For x86Simulation / AIE simulation, top level application had simple ADF API calls to initialize / run / end the graph. However, for actual AI Engine graph applications the host code must do much more than those simple tasks. The top-level PS application running on the Cortex®-A72, controls the graph and PL kernels: manage data inputs to the graph, handle data outputs from the graph, and control any PL kernels working with the graph. Sample code is illustrated below
1.// Open device, load xclbin, and get uuid
auto dhdl = xrtDeviceOpen(0);//device index=0
xrtDeviceLoadXclbinFile(dhdl,xclbinFilename);
xuid_t uuid;
xrtDeviceGetXclbinUUID(dhdl, uuid);
adf::registerXRT(dhdl, uuid);
2. Allocate output buffer objects and map to host memory
xrtBufferHandle out_bohdl = xrtBOAlloc(dhdl, output_size_in_bytes, 0, /*BANK=*/0);
std::complex<short> *host_out = (std::complex<short>*)xrtBOMap(out_bohdl);
3. Get kernel and run handles, set arguments for kernel, and launch kernel.

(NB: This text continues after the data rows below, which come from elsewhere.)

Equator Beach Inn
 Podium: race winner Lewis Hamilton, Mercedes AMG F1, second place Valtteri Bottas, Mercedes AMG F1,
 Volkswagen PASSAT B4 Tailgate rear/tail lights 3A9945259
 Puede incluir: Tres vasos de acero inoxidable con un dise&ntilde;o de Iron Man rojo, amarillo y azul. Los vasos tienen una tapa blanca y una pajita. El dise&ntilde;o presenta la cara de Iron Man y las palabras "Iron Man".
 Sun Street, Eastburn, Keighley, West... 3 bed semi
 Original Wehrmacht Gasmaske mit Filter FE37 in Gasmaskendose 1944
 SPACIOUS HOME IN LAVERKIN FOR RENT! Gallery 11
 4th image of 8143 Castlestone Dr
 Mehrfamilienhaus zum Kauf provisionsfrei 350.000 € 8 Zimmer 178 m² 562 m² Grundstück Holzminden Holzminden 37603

xrtKernelHandle s2mm_khdl = xrtPLKernelOpen(dhdl, top->m_header.uuid, "s2mm"); // Open kernel handle
xrtRunHandle s2mm_rhdl = xrtRunOpen(s2mm_khdl);
xrtRunSetArg(s2mm_rhdl, 0, out_bohdl); // set kernel arg
xrtRunSetArg(s2mm_rhdl, 2, OUTPUT_SIZE); // set kernel arg
xrtRunStart(s2mm_rhdl); //launch s2mm kernel
// ADF API:run, update graph parameters (RTP) and so on
gr.init();
gr.update(gr.size, 1024);//update RTP
gr.run(16);//start AIE kernel
gr.wait();
4. Wait for kernel completion.
auto state = xrtRunWait(s2mm_rhdl);
5. Sync output device buffer objects to host memory.
xrtBOSync(out_bohdl, XCL_BO_SYNC_BO_FROM_PLATFORM , output_size_in_bytes,/*OFFSET=*/ 0);
//6. post-processing on host memory - "host_out
Vitis Vision AIE library functions provide optimal vector implementations of various computer vision algorithms. These functions are expected to process high resolution images. However because local memory of AIE core module is limited, entire image can’t be fit into it. Also accessing DDR for reading / writing image data will be highly inefficient both for performance and power. To overcome this limitation host code is expected to split the high resolution image into smaller tiles which fit in AIE Engine local memory in ping-pong fashion. Splitting of high resolution image in smaller tiles is a complex operation as it need to be aware of overlap regions and borders. Also the tile size is expected to be aligned with vectorization factor of the kernel.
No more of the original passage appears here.